▸ **Given data**:

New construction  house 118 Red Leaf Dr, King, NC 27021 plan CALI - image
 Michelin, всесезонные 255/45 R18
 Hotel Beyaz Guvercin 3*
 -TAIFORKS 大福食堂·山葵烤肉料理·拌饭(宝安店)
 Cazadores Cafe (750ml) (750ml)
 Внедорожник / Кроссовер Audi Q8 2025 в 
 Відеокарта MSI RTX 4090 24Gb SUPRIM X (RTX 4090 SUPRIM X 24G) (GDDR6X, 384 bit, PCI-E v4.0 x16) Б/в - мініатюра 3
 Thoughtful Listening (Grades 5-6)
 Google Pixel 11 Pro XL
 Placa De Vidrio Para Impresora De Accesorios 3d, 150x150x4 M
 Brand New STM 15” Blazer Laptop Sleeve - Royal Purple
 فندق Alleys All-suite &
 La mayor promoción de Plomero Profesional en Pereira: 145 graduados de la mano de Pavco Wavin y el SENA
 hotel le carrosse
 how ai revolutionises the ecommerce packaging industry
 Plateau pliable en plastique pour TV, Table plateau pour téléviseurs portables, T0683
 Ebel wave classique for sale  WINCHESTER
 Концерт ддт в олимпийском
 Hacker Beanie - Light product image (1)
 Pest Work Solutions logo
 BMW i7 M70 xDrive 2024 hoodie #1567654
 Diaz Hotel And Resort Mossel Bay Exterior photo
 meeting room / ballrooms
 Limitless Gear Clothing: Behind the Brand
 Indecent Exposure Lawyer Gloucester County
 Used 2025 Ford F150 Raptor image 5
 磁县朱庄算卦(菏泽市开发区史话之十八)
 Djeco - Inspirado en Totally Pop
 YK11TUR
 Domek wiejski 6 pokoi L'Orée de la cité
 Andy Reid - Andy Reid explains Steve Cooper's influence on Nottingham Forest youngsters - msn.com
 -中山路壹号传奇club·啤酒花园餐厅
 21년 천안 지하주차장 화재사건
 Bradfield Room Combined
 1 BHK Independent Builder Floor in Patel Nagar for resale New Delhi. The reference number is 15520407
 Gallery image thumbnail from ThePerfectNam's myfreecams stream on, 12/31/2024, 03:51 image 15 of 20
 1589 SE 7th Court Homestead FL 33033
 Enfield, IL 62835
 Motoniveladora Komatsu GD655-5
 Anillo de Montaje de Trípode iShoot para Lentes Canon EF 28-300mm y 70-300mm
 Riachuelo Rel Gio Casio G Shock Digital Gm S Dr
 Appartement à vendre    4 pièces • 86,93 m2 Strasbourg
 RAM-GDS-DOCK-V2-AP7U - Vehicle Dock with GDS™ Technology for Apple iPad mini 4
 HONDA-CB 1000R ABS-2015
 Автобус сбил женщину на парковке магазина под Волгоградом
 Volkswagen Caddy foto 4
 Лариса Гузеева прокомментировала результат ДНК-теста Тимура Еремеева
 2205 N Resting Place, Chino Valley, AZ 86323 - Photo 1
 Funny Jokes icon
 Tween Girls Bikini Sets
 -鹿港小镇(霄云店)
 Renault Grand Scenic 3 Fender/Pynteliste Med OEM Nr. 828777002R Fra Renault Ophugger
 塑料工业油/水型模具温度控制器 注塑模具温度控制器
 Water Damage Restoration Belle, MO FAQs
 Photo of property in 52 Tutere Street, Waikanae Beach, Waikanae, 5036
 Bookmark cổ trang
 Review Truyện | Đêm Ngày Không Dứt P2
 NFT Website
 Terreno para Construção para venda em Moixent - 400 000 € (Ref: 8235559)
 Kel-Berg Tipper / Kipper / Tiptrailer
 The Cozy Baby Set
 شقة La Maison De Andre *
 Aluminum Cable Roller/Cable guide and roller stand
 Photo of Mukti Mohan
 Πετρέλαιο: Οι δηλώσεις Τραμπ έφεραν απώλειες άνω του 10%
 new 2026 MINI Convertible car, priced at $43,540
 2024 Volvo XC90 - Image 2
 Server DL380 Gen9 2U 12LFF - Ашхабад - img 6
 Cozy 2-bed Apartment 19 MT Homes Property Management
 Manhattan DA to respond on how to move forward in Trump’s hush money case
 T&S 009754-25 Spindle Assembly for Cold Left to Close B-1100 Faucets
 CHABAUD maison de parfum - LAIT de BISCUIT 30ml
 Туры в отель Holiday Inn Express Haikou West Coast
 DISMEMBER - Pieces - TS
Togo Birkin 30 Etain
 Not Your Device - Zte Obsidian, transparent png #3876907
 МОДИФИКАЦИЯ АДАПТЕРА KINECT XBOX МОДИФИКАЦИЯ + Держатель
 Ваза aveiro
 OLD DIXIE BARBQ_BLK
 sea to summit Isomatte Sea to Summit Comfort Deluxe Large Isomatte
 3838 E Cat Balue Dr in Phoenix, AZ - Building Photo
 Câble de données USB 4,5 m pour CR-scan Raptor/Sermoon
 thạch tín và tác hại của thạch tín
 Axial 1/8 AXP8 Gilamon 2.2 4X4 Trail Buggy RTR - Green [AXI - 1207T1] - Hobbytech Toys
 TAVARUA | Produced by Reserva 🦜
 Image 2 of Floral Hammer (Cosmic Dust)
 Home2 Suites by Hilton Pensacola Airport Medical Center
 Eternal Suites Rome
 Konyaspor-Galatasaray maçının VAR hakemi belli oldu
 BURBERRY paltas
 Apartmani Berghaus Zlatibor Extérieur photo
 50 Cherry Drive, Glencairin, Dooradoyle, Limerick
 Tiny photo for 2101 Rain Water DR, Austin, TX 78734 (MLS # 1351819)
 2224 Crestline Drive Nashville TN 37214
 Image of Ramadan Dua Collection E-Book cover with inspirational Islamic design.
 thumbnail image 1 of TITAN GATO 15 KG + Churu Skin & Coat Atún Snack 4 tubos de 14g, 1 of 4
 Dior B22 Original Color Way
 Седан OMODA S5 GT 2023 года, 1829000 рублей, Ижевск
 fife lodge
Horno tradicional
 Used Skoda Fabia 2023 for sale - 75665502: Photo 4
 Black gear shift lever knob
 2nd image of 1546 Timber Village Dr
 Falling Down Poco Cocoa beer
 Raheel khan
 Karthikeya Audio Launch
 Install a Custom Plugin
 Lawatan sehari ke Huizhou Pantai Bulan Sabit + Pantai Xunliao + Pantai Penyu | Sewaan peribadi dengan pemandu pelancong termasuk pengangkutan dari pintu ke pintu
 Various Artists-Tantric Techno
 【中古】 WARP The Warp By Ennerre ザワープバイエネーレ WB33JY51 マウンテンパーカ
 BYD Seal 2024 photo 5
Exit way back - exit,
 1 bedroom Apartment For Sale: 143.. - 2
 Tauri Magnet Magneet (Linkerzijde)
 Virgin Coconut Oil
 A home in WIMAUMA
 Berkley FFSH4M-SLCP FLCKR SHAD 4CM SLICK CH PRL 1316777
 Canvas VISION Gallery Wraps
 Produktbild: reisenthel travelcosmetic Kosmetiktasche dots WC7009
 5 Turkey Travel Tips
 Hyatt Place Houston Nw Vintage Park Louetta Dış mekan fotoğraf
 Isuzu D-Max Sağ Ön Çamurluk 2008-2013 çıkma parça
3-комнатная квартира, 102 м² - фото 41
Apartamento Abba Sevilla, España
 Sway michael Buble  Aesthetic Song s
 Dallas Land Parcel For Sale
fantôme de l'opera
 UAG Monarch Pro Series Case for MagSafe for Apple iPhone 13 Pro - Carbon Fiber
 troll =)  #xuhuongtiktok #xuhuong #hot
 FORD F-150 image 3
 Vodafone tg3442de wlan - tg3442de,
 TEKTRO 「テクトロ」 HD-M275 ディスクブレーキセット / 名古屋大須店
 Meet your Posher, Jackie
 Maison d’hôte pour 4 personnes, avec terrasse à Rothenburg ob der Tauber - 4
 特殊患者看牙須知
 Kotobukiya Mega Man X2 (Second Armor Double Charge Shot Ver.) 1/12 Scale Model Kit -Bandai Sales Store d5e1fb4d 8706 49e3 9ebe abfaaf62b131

▸ **Work required**:
In the entries above, find the line holding "磁县朱庄算卦(菏泽市开发区史话之十八)" and the line holding "Riachuelo Rel Gio"; print both of them and every line between, exactly, and nothing else.

▸ **Task answer**:
 磁县朱庄算卦(菏泽市开发区史话之十八)
 Djeco - Inspirado en Totally Pop
 YK11TUR
 Domek wiejski 6 pokoi L'Orée de la cité
 Andy Reid - Andy Reid explains Steve Cooper's influence on Nottingham Forest youngsters - msn.com
 -中山路壹号传奇club·啤酒花园餐厅
 21년 천안 지하주차장 화재사건
 Bradfield Room Combined
 1 BHK Independent Builder Floor in Patel Nagar for resale New Delhi. The reference number is 15520407
 Gallery image thumbnail from ThePerfectNam's myfreecams stream on, 12/31/2024, 03:51 image 15 of 20
 1589 SE 7th Court Homestead FL 33033
 Enfield, IL 62835
 Motoniveladora Komatsu GD655-5
 Anillo de Montaje de Trípode iShoot para Lentes Canon EF 28-300mm y 70-300mm
 Riachuelo Rel Gio Casio G Shock Digital Gm S Dr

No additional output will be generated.